Warren Buffett Wants Wells Fargo to Look Beyond Wall Street for Its Next CEO

The beleaguered bank’s next boss will face a heavy lift

April 09, 2019 | About:

Wells Fargo & Co. (NYSE:WFC) once enjoyed an enviable reputation among America’s biggest banks. Its brand was a watchword for prudence, honesty and quality customer service. That perception was shattered in 2016 with the revelation of a widespread fake accounts fraud scheme. Unsurprisingly, the bank’s reputation has been severely tarnished by that revelation, as well as by the series of further scandals that followed. Despite its best efforts to turn the corner, Wells Fargo’s problems continue to fester.

Evidently, the pressures of dealing with the extensive internal reform program while under intense government scrutiny have proven too much for Tim Sloan, Wells Fargo’s embattled CEO. He resigned abruptly last month, triggering an unexpected hunt for a replacement.

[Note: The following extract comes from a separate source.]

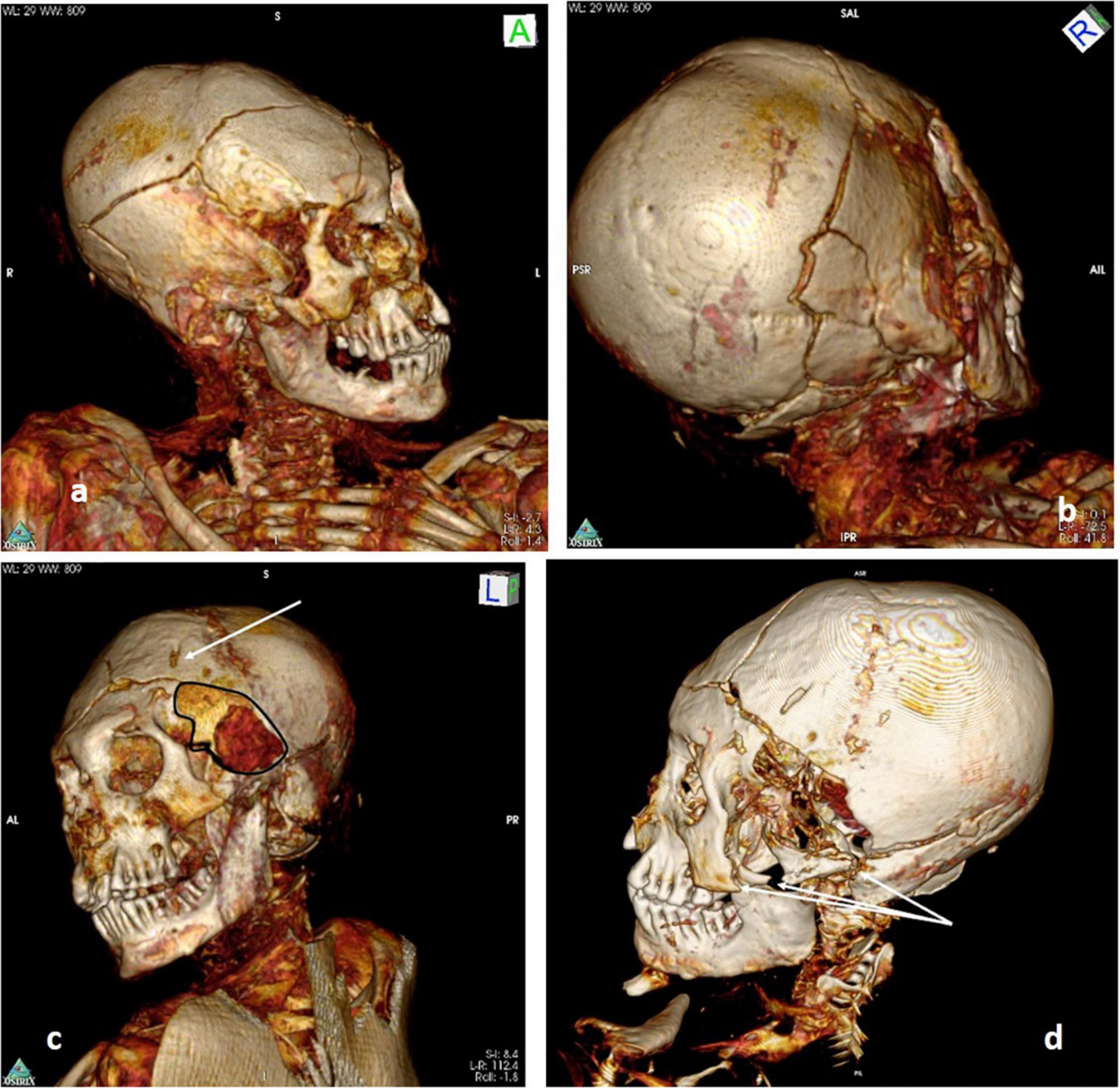 A delémont-i férfi múmiáról készült 3D-s CT-felvétel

The board wants an outsider

Sloan had been a career Wells Fargo man, but it appears likely that his successor will be an outsider. That is certainly the case at present, according to Chair Betsy Duke:

“The Board has a continuous succession planning process through which we identify potential successors within the Company. Although we have many talented executives within the Company, the Board has concluded that seeking someone from the outside is the most effective way to complete the transformation at Wells Fargo.”

Wells Fargo has a long tradition of promoting from within. Sloan himself was a 29-year veteran of the company and had risen to be chief operating officer before getting the nod for the top job in 2016. Clearly, the decision to put responsibility for root-and-branch reform in the hands of an insider has failed to pay off thus far. Hence, the decision to expand their search beyond the company’s internal talent pool makes considerable sense.

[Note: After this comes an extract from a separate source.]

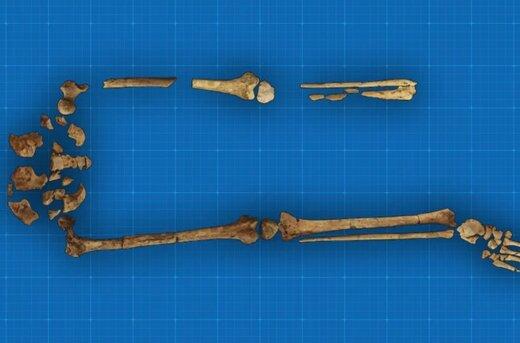 ۳۱ هزار سال عمر اولین قطع عضو پزشکی تاریخ!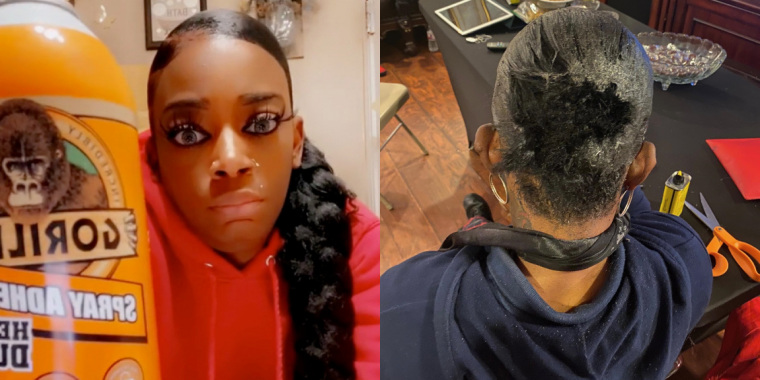 Após usar cola industrial para ‘alisar’ o cabelo, mulher passa por procedimento dermatológico no coro cabeludo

Buffett calls for something new

This choice has won plaudits from major shareholders. Warren Buffett (Trades, Portfolio), whose Berkshire Hathaway (NYSE:BRK.A) (NYSE:BRK.B) is Wells Fargo’s largest shareholder, has expressed support for the move. Moreover, Buffett has urged the board to look beyond the usual big bank candidates. Indeed, he recommends the beleaguered bank tap someone from outside of Wall Street altogether:

“They just have to come from someplace [outside Wells] and they shouldn’t come from Wall Street...They probably shouldn’t come from JPMorgan or Goldman Sachs...There are plenty of good people to run it [from the Wall Street banks], but they are automatically going to draw the ire of a significant percentage of the Senate and the U.S. House of Representatives, and that’s just not smart.”

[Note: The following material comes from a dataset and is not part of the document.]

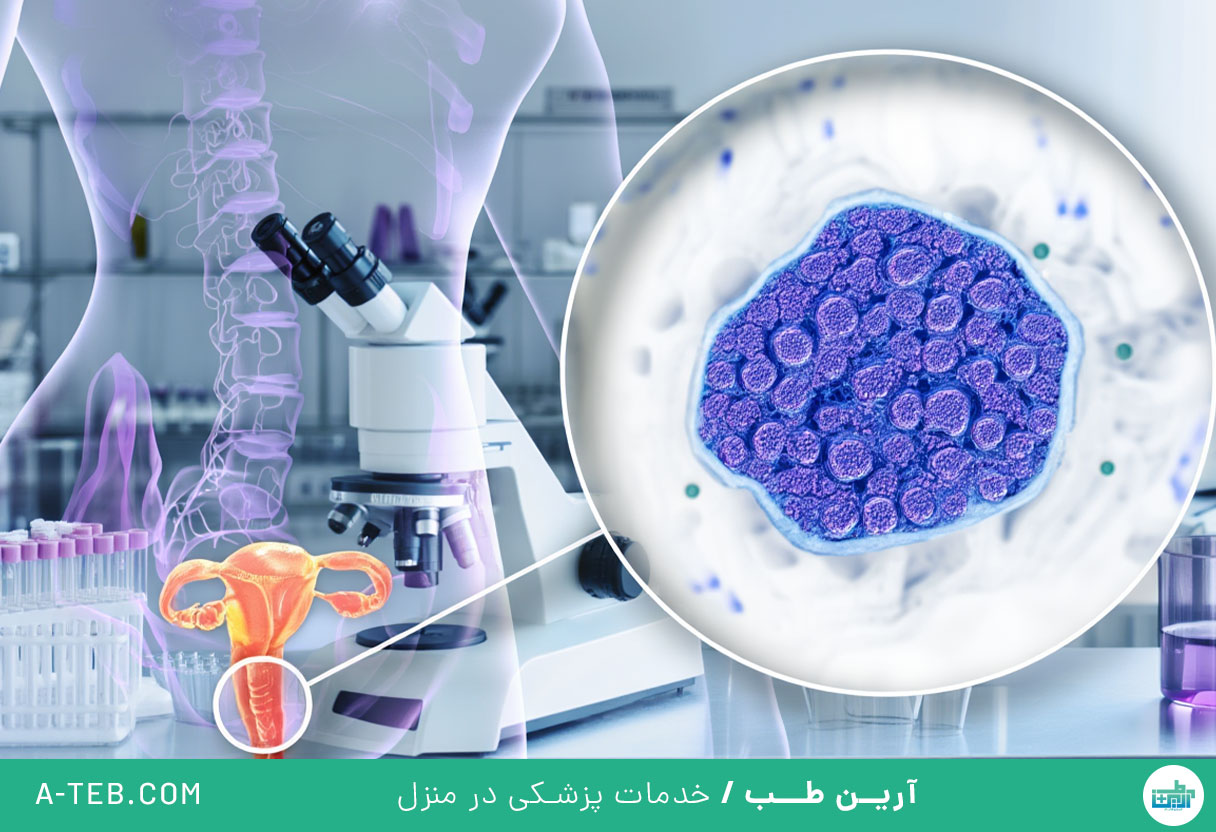 واژینوز باکتریایی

Buffett’s concerns are understandable in light of Wells Fargo’s current position. Every move it makes is under the federal microscope. Making a change at the top that could allay the worries of Congress and regulators could allow the bank to focus on growth again, rather than merely damage control.

Politicos want real change

Buffett’s concerns have already been proven right, with numerous political heavy-hitters calling for a major shakeup at Wells Fargo. Senator Sherrod Brown was uncharacteristically pointed in his criticism in the wake of Sloan’s resignation:

Tim Sloan needed to go, and he should not take a huge payout with him. But Wells Fargo’s mismanagement is about more than one CEO – this bank needs a complete culture shift.”

Senator Brown was far from the only voice. Representative Katie Porter offered an equally withering take on the bank’s governance:

“The bank has a lot of work to do to fix its problems, and Congress and our bank watchdogs need to continue pressing for change.”

Buffett’s advice to look beyond Wall Street appears wise indeed in light of these criticisms. Opting for a veteran banker will likely only fuel the fire of political criticism, which would only serve to further damage Wells Fargo’s reputation - and its share price.


In May 2018, Buffett reiterated his long-standing support for Wells Fargo, declaring it to be the best big bank stock around:

"I see no reason why Wells Fargo as a company — from both an investor standpoint and a moral standpoint going forward — is in any way inferior to the other big banks with which it competes.”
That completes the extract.